La maggior parte degli americani sarebbe probabilmente entusiasta di sapere che esistono esseri extraterrestri (intelligenti o meno). Tuttavia, in altri paesi la reazione potrebbe essere diversa, mentre molto dipenderebbe dal grado di somiglianza delle ipotetiche creature con le forme di vita che ci sono note
di Yasemin Saplakoglu / Scientific American
www.lescienze.it

Quando ‘Oumuama, un misterioso oggetto interstellare, ha attraversato il nostro sistema solare lo scorso ottobre, ha scatenato un diluvio di notizie mozzafiato che vertevano tutte sull’ovvia domanda: è una nave spaziale? Non c’erano segni che fosse così, anche se molti sembravano sperarlo.

Nel corso della storia i fenomeni cosmici più strani hanno suscitato in noi la domanda: potrebbe essere questo il momento in cui affrontiamo per la prima volta la vita aliena?

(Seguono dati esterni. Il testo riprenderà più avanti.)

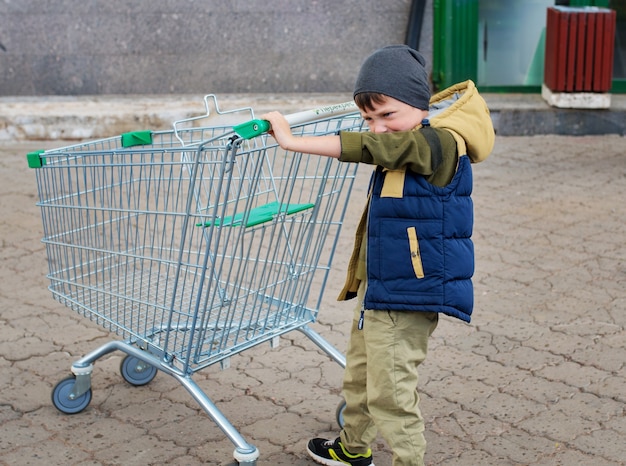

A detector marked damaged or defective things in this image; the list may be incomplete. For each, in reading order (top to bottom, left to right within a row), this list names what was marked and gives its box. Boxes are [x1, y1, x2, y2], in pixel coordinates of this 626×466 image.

cracked pavement [1, 128, 624, 466]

L’aspettativa non è necessariamente stravagante: molti scienziati si esercitano (o potrebbero farlo) in argomenti elaborati, ma basati su prove che alla fine scopriremo la vita al di là dei confini del nostro pianeta. Per chi ci crede veramente, la cosa più incerta è se la notizia provocherebbe o meno il panico globale, e questo dipende dal modo in cui le nostre menti – così fortemente influenzate dal nostro ambiente terrestre e dalla nostra società – percepiscono come potenziale minaccia qualcosa al di fuori del nostro contesto familiare.

“Nel pubblico – in una parte molto grande del pubblico – serpeggia la convinzione che la scoperta di vita intelligente sarebbe come minimo tenuta segreta dal governo, perché altrimenti tutti andrebbero fuori di testa”, dice Seth Shostak, un astronomo del SETI Institute. Forse è plausibile che i nostri cervelli, calibrati da milioni di anni di evoluzione per diffidare dei predatori, impazzirebbero di terrore di fronte ad alieni immensamente potenti che arrivano sulla nostra porta di casa cosmica da luoghi sconosciuti.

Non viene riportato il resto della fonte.